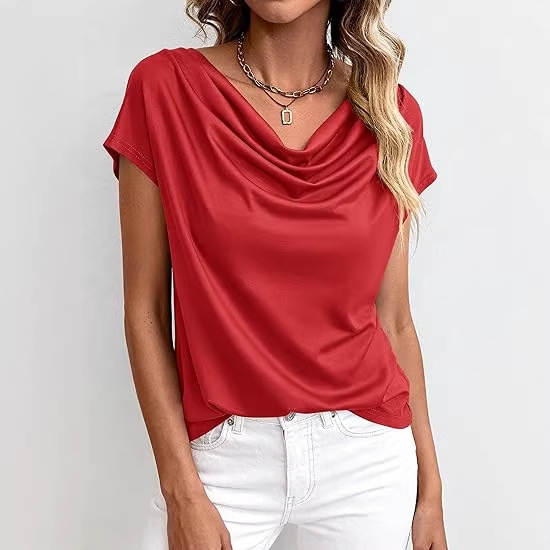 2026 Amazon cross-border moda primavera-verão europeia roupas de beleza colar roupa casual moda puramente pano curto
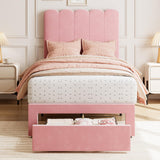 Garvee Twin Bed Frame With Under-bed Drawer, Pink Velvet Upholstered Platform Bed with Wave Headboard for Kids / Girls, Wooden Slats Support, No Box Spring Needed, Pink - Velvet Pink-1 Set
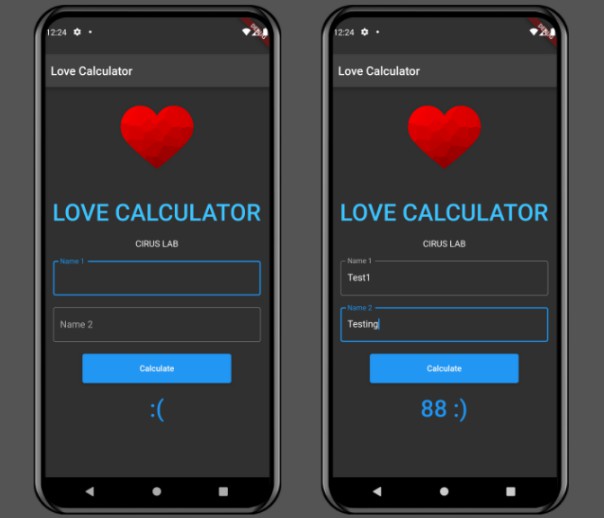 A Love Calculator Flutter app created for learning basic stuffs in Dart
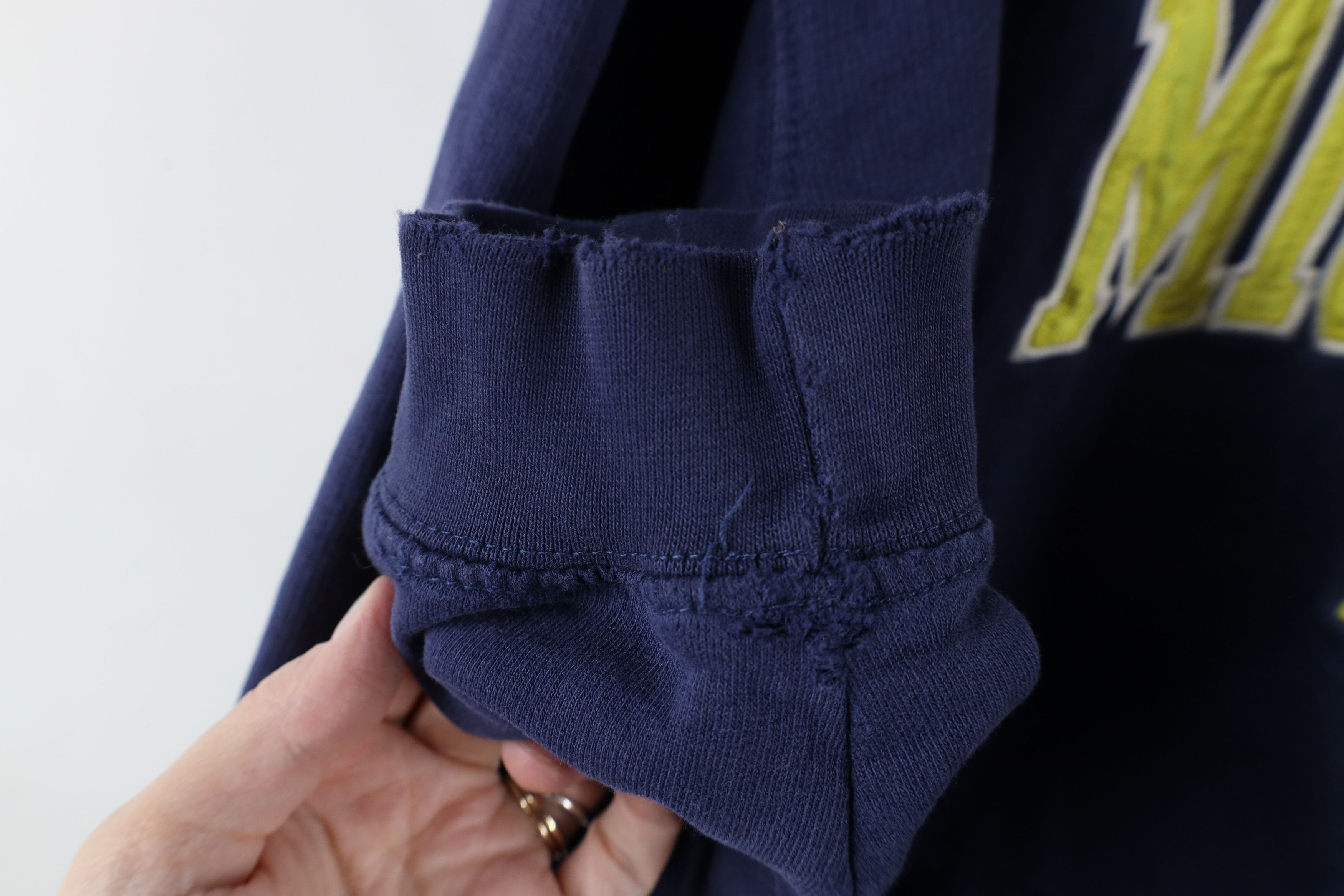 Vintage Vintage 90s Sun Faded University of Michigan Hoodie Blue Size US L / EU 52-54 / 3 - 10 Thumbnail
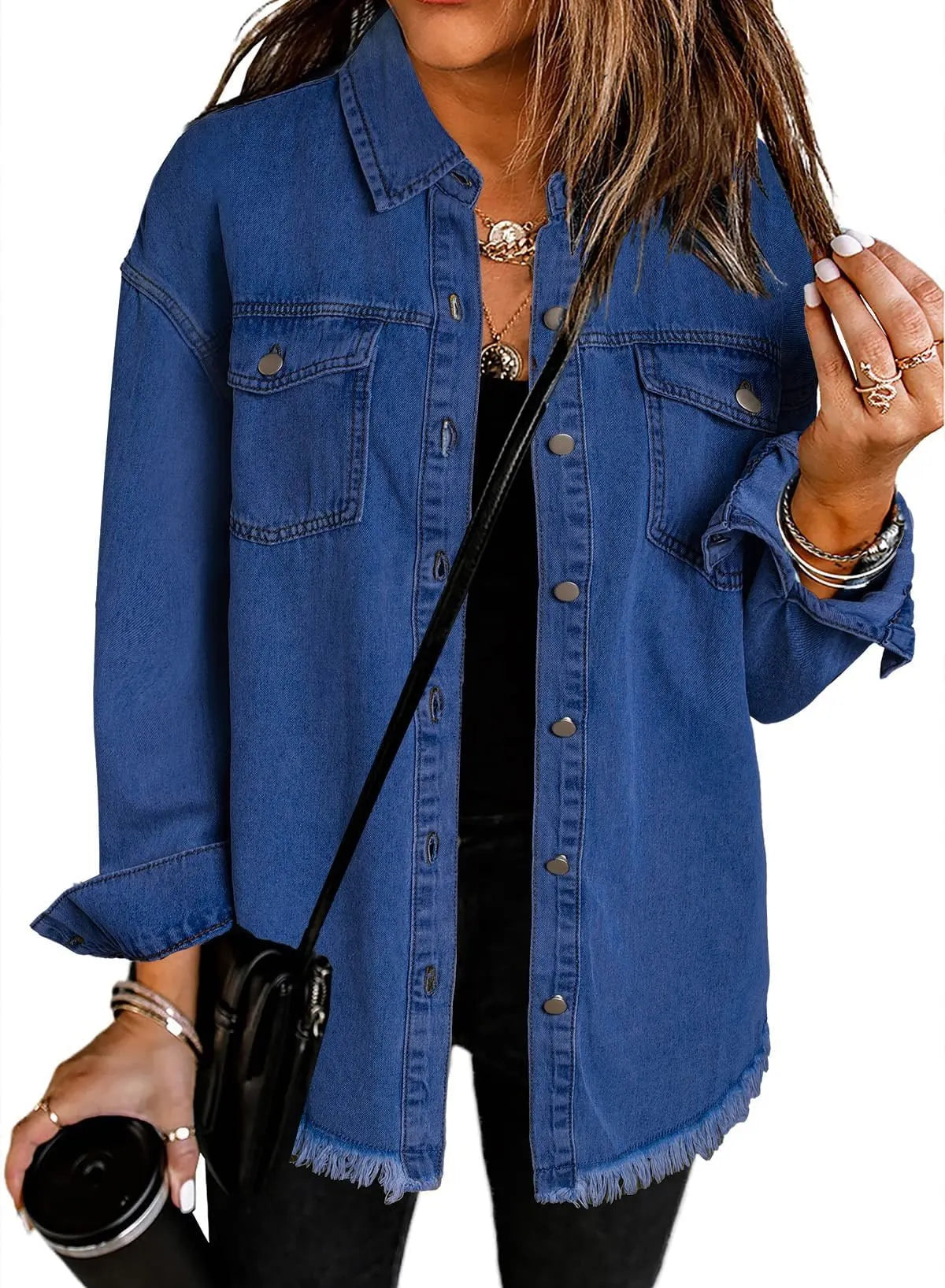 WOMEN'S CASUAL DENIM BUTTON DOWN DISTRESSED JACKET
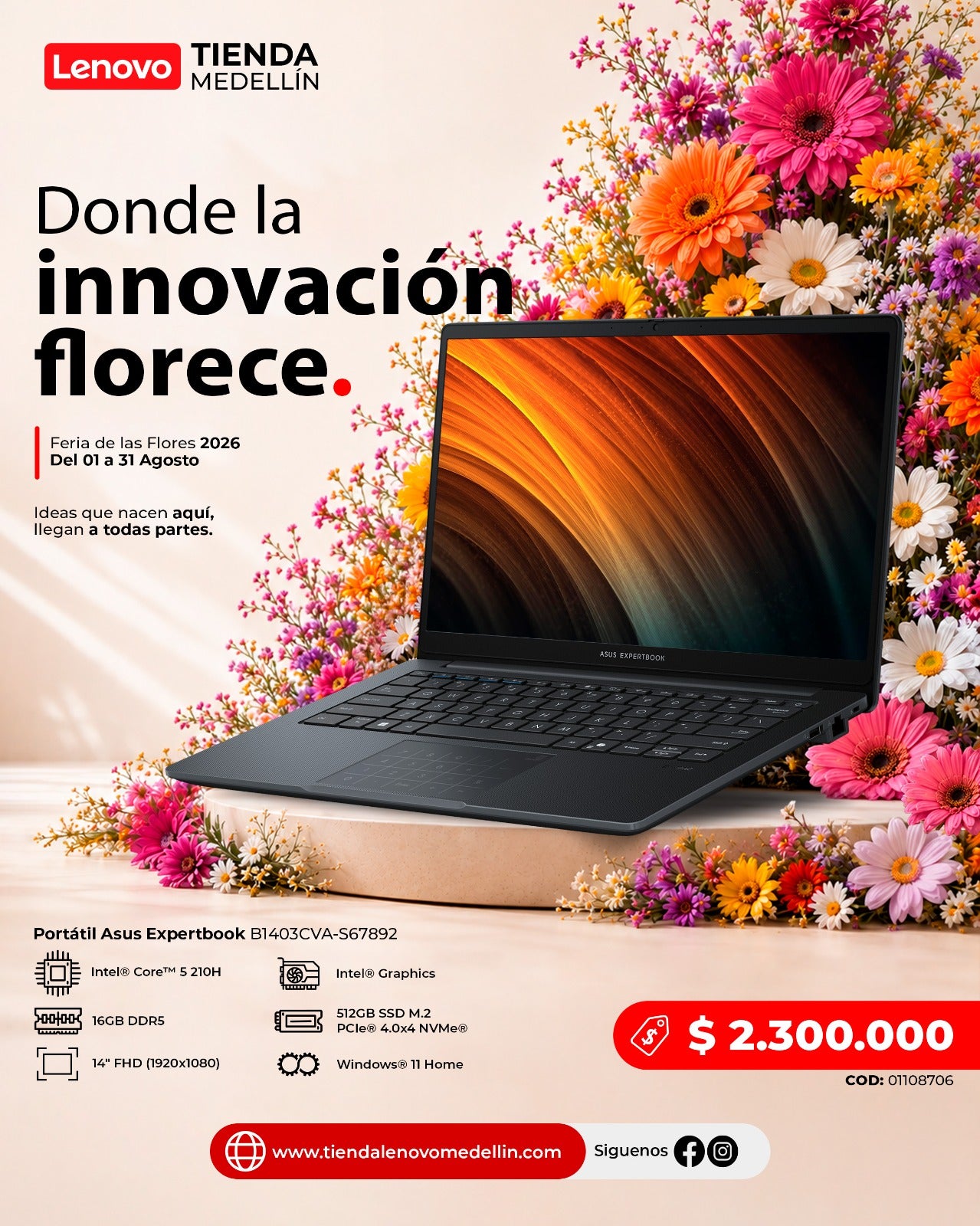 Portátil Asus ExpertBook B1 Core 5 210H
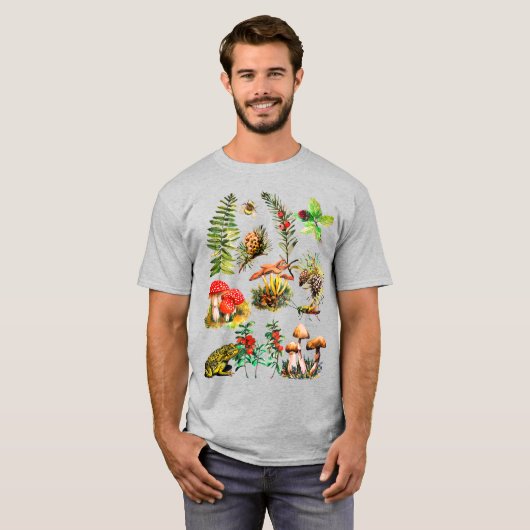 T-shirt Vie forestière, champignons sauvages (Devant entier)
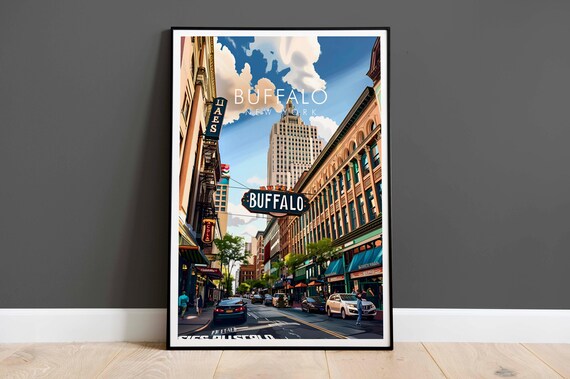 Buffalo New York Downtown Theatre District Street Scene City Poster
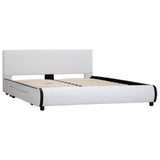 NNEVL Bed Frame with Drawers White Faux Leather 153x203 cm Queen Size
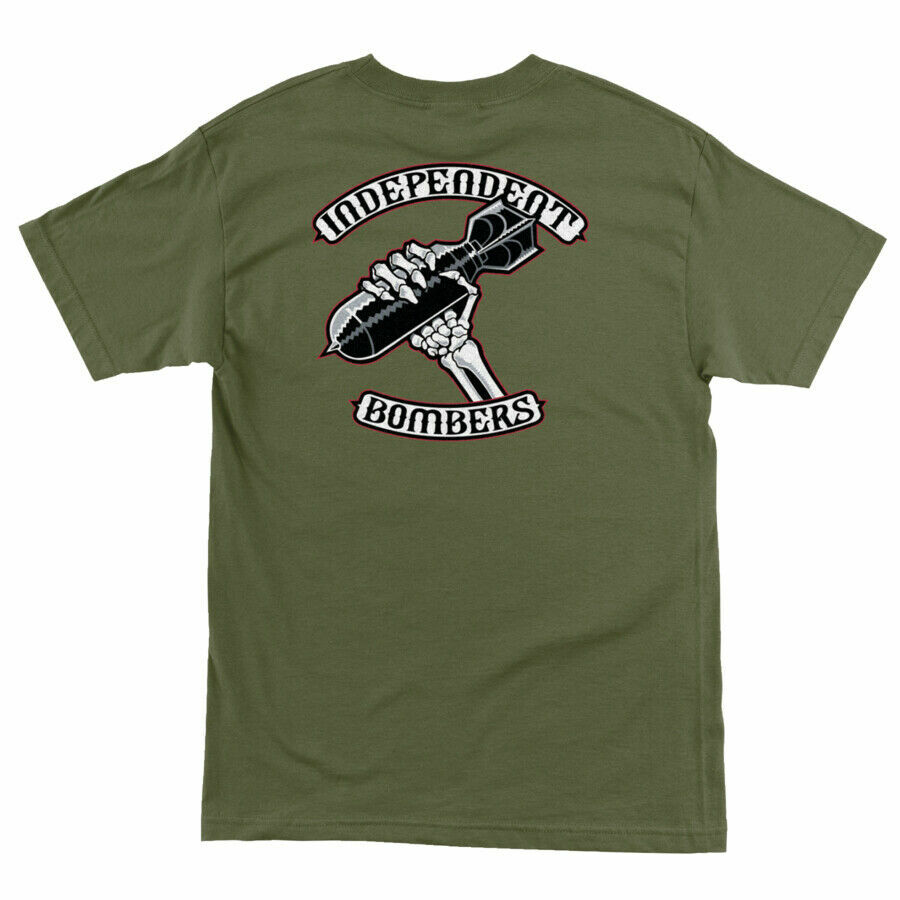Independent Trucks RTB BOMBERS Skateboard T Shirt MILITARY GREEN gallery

-.-.-

## [Aim of the exercise]
Return every line of the listing exactly, leaving its pictures behind.

## [Response below]
 2026 Amazon cross-border moda primavera-verão europeia roupas de beleza colar roupa casual moda puramente pano curto
 Garvee Twin Bed Frame With Under-bed Drawer, Pink Velvet Upholstered Platform Bed with Wave Headboard for Kids / Girls, Wooden Slats Support, No Box Spring Needed, Pink - Velvet Pink-1 Set
 A Love Calculator Flutter app created for learning basic stuffs in Dart
 Vintage Vintage 90s Sun Faded University of Michigan Hoodie Blue Size US L / EU 52-54 / 3 - 10 Thumbnail
 WOMEN'S CASUAL DENIM BUTTON DOWN DISTRESSED JACKET
 Portátil Asus ExpertBook B1 Core 5 210H
 T-shirt Vie forestière, champignons sauvages (Devant entier)
 Buffalo New York Downtown Theatre District Street Scene City Poster
 NNEVL Bed Frame with Drawers White Faux Leather 153x203 cm Queen Size
Independent Trucks RTB BOMBERS Skateboard T Shirt MILITARY GREEN gallery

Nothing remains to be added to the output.